View on GitHub

Haskell

A mixture of Haskell quick reference guide, research logbook and tutorial full of external references

by Federico Mastellone

Evaluation Strategies

Functional programming languages extend Church’s Lambda Calculus with a variety of constructs (AKA tons of syntactic sugar) that make it useful for programmers.

The evaluation strategy determines when to evaluate argument expressions during function application. Although sometimes it looks closer to operational semantics than denotational semantics, its choice is an important element in the design of a high-level programming language.

Prelude> length [1,(1/0),3,4,5]
5
Prelude> take 5 [1,2..]
[1,2,3,4,5]

A Little Terminology

Not to be confused with λ-Calculus reduction strategies, the process by which a more complex expression is reduced to a simpler expression.

Notice that we are still not talking about the evaluation order when not constrained by operator precedence or associativity, that in languages like C is also unspecified. We are talking about how to treat expressions that need further evaluation and are used as function arguments.

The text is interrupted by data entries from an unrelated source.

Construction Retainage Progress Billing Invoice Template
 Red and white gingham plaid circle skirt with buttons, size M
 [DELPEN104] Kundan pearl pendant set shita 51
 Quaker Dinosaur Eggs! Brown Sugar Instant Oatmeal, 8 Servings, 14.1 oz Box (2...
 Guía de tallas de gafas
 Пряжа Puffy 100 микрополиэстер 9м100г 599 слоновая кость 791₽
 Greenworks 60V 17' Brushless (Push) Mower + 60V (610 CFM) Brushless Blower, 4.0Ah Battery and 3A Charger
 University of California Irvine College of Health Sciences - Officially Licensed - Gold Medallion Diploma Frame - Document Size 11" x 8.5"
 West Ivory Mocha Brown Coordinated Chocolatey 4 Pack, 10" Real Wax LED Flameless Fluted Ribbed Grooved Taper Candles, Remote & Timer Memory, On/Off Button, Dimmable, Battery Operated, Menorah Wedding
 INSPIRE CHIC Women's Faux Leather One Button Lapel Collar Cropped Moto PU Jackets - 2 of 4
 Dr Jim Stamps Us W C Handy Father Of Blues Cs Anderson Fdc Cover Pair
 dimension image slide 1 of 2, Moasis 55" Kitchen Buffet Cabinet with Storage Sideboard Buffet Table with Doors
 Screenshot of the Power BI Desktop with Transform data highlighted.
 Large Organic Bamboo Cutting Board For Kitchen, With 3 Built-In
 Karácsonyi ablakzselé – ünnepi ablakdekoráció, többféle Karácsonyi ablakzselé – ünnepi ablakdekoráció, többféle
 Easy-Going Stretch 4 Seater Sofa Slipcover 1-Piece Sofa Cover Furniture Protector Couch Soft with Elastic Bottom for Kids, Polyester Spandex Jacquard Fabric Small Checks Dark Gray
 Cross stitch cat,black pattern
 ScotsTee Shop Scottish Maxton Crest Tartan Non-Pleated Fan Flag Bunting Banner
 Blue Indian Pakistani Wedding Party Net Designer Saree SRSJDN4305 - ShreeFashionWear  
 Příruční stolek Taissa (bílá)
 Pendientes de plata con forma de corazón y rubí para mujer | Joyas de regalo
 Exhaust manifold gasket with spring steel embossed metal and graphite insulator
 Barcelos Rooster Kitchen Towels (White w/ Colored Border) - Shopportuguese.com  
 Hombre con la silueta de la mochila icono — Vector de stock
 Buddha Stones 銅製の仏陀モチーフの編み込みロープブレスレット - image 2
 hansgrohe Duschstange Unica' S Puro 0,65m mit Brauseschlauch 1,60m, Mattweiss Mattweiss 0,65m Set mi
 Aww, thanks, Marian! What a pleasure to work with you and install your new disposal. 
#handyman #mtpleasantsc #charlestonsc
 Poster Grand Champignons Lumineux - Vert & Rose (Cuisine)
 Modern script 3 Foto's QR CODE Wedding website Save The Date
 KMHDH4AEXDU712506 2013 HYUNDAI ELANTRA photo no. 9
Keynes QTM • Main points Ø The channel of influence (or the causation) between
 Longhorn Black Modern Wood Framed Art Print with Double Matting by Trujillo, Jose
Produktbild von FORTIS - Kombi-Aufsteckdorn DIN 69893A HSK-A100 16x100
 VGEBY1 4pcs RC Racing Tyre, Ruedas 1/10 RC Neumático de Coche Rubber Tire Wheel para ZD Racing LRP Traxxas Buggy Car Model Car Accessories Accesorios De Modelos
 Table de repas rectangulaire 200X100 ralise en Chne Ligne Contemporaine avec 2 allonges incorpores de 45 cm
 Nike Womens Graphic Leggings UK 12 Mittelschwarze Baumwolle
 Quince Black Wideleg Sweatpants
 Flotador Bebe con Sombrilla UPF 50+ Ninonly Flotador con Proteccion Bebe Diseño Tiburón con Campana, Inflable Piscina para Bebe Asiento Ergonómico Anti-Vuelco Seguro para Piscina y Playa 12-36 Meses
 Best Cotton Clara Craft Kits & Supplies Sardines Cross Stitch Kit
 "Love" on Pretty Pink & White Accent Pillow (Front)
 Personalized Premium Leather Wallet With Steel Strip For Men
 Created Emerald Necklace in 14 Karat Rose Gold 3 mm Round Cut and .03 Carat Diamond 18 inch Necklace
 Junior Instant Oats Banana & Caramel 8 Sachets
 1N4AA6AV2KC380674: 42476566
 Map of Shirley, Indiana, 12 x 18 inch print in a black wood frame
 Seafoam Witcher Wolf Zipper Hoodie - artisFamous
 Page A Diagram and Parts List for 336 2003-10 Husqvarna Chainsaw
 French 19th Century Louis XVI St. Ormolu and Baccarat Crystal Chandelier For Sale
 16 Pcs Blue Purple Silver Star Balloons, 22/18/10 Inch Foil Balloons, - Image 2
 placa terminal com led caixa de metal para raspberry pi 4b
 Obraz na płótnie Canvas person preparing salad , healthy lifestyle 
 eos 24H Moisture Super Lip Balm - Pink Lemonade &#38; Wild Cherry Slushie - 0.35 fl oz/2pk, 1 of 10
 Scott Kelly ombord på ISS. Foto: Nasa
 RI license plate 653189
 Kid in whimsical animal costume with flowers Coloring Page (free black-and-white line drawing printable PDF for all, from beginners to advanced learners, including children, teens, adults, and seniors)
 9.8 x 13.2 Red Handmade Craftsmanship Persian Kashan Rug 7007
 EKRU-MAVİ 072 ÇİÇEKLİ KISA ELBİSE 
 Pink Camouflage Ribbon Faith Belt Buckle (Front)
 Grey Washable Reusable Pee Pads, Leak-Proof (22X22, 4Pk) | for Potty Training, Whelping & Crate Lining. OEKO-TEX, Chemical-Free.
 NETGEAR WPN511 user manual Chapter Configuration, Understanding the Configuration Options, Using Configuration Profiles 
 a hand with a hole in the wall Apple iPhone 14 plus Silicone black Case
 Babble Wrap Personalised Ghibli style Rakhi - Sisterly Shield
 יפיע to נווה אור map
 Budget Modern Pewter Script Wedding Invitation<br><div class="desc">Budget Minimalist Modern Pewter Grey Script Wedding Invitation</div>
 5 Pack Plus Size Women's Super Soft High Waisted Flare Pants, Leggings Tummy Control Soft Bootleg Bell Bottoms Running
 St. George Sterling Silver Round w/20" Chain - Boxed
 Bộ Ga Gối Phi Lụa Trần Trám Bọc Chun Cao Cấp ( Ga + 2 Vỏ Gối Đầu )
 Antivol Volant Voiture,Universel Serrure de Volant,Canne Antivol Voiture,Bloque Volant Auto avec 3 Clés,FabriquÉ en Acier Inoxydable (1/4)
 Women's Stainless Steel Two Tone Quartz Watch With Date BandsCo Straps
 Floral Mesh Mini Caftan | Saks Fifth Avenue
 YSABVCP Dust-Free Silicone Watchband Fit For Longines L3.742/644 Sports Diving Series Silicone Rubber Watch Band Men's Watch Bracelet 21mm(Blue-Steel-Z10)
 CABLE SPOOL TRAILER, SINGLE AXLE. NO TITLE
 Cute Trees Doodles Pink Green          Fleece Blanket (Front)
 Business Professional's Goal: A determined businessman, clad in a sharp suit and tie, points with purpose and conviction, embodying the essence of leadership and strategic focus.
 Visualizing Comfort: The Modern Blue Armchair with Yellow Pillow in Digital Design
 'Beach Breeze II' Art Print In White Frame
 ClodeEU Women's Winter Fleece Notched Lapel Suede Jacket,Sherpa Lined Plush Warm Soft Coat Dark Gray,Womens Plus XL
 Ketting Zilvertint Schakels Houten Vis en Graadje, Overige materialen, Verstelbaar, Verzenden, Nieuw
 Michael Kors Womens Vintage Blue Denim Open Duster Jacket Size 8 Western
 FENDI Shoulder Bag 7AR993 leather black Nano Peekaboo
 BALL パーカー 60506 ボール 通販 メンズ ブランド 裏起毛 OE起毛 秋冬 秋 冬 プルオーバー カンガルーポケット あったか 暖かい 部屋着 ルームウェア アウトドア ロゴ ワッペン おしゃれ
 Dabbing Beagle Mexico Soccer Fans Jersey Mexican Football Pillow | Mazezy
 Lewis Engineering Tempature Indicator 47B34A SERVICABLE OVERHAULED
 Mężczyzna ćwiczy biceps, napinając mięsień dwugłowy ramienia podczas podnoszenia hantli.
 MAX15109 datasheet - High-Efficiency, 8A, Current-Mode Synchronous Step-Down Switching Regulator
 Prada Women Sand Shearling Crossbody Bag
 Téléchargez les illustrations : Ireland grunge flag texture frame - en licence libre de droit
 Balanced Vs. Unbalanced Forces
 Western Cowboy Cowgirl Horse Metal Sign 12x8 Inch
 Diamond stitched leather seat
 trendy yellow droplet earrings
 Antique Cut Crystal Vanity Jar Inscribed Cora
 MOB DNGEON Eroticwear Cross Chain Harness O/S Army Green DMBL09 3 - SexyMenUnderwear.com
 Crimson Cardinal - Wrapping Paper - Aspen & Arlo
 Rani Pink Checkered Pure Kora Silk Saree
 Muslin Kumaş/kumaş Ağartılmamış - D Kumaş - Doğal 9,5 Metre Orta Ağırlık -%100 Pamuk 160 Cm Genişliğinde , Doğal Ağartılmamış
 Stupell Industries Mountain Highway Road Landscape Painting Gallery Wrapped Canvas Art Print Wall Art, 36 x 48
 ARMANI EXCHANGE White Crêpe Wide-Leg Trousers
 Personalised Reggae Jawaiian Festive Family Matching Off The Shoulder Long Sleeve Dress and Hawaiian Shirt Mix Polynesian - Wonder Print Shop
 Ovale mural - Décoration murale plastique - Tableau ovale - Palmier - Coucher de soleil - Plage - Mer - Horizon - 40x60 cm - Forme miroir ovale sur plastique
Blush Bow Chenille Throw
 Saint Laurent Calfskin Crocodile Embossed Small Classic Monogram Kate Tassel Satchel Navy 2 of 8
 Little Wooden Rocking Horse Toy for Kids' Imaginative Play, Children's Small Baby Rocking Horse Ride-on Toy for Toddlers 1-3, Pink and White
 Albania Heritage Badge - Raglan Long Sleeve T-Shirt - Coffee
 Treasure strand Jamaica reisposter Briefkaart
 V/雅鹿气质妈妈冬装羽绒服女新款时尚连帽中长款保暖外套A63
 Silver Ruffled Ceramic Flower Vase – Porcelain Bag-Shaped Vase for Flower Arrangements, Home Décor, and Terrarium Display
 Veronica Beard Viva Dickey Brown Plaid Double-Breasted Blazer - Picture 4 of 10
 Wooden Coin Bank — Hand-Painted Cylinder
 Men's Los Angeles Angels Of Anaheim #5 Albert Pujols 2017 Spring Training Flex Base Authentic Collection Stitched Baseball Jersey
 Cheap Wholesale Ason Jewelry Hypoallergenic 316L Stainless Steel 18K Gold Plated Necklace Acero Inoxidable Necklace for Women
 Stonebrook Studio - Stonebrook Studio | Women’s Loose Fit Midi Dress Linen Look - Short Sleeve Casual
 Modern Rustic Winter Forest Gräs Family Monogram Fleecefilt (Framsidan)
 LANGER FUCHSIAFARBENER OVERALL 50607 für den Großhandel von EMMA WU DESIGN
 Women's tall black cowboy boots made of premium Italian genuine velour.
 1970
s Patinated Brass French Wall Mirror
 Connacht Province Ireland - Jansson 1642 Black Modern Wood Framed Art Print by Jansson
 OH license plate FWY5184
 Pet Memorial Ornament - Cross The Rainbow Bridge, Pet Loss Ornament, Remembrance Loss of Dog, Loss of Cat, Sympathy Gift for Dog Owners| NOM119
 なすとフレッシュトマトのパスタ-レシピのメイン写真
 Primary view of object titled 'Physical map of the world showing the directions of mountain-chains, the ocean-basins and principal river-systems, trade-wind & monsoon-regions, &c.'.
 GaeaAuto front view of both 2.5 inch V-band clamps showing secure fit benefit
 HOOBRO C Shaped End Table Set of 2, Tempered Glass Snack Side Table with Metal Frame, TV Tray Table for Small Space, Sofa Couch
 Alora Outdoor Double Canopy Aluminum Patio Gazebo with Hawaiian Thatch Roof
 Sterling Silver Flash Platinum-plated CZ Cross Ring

In the example below by parameters we mean a and b and by arguments we mean 1 and 2*3:

add :: Int -> Int -> Int
add a b = a + b

main :: IO ()
main = print $ add 1 (2*3)

Parameter-Passing Classification

We use the classification described by Erik Crank and Matthias Felleisen in Parameter-passing and the lambda calculus where evaluation strategies are combined with the more specific notion of binding strategies that determines how values are passed to the function.

By Strictness

λ-Calculus has two prevailing semantics:

Strict or eager (also greedy) evaluation:
- Semantics: If any subexpression fails to have a value, the whole expression fails.
- Implementation: All argument expressions to a function are evaluated before binding the parameters.
Non-strict evaluation:
- Semantics: Expressions can have a value even if some of their subexpressions do not.
- Implementation: All argument expressions are passed unevaluated to the body of the function.

If we have this example function shown below:

const :: a -> b -> a
const a b = a

Calling const (1+1) (1/0) will return 2 in Haskell and “error” using strict semantics.

By Binding Strategy

We defined if argument expressions are evaluated before function application or not, but how is the function receiving those arguments as parameters?

Strict:
- Call-by-value:
  - The evaluated values of the argument expressions are bound to the corresponding parameters in the function.
- Call-by-reference:
  - Parameters are bound to a reference to the variable used as argument, rather than a copy of its value.
Non-strict:
- Call-by-name:
  - Argument expressions are substituted directly into the function body.
- Call-by-need:
  - Memoized variant of call-by-name, where argument expressions are evaluated at most once and, if possible, not at all.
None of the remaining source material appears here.